Endsley M R, Kaber D B
Department of Industrial Engineering, Mississippi State University 39762-9542, USA.
Ergonomics. 1999 Mar;42(3):462-92. doi: 10.1080/001401399185595.
Various levels of automation (LOA) designating the degree of human operator and computer control were explored within the context of a dynamic control task as a means of improving overall human/machine performance. Automated systems have traditionally been explored as binary function allocations; either the human or the machine is assigned to a given task. More recently, intermediary levels of automation have been discussed as a means of maintaining operator involvement in system performance, leading to improvements in situation awareness and reductions in out-of-the-loop performance problems. A LOA taxonomy applicable to a wide range of psychomotor and cognitive tasks is presented here. The taxonomy comprises various schemes of generic control system function allocations. The functions allocated to a human operator and/or computer included monitoring displays, generating processing options, selecting an 'optimal' option and implementing that option. The impact of the LOA taxonomy was assessed within a dynamic and complex cognitive control task by measuring its effect on human/system performance, situation awareness and workload. Thirty subjects performed simulation trials involving various levels of automation. Several automation failures occurred and out-of-the-loop performance decrements were assessed. Results suggest that, in terms of performance, human operators benefit most from automation of the implementation portion of the task, but only under normal operating conditions; in contrast, removal of the operator from task implementation is detrimental to performance recovery if the automated system fails. Joint human/system option generation significantly degraded performance in comparison to human or automated option generation alone. Lower operator workload and higher situation awareness were observed under automation of the decision making portion of the task (i.e. selection of options), although human/system performance was only slightly improved. The implications of these findings for the design of automated systems are discussed.

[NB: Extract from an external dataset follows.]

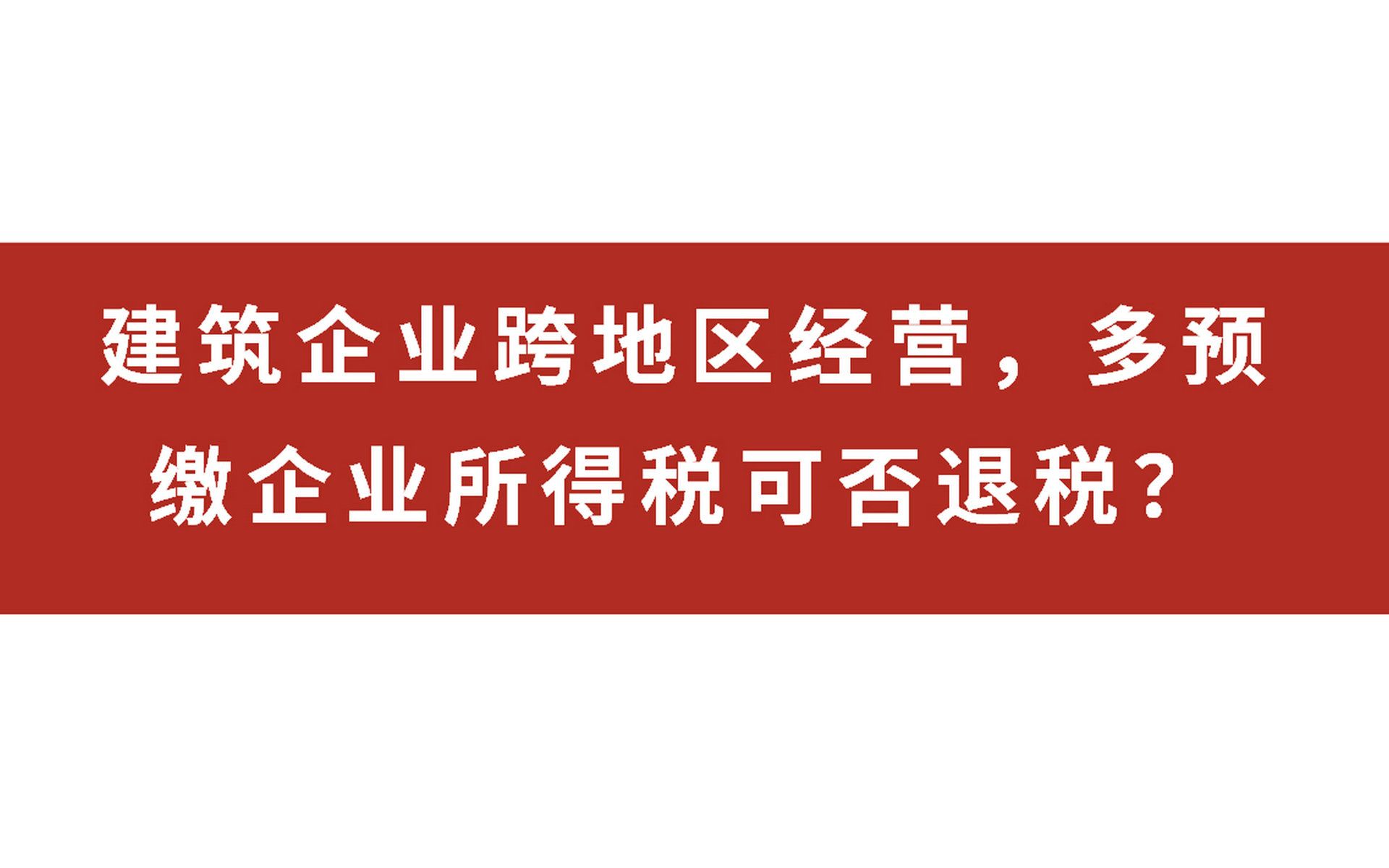 建筑企业跨地区经营,多预缴企业所得税可否退税?哔哩哔哩bilibili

在动态控制任务的背景下,探讨了不同自动化水平(LOA),以确定人类操作员和计算机控制的程度,作为提高整体人机性能的一种手段。传统上,自动化系统被视为二元功能分配;即要么将人类要么将机器分配到给定任务。最近,中间自动化水平被作为一种让操作员参与系统性能维护的手段进行讨论,这会提高态势感知并减少脱离回路性能问题。本文提出了一种适用于广泛的心理运动和认知任务的LOA分类法。该分类法包括通用控制系统功能分配的各种方案。分配给人类操作员和/或计算机的功能包括监控显示、生成处理选项、选择“最佳”选项并实施该选项。通过测量其对人类/系统性能、态势感知和工作量的影响,在动态复杂的认知控制任务中评估了LOA分类法的影响。30名受试者进行了涉及不同自动化水平的模拟试验。发生了几次自动化故障,并评估了脱离回路性能下降情况。结果表明,在性能方面,人类操作员在任务实施部分自动化时受益最大,但仅在正常操作条件下如此;相比之下,如果自动化系统出现故障,将操作员从任务实施中移除不利于性能恢复。与单独由人类或自动化生成选项相比,人类/系统联合生成选项显著降低了性能。在任务决策部分(即选项选择)自动化的情况下,观察到操作员工作量较低且态势感知较高,尽管人类/系统性能仅略有提高。讨论了这些发现对自动化系统设计的影响。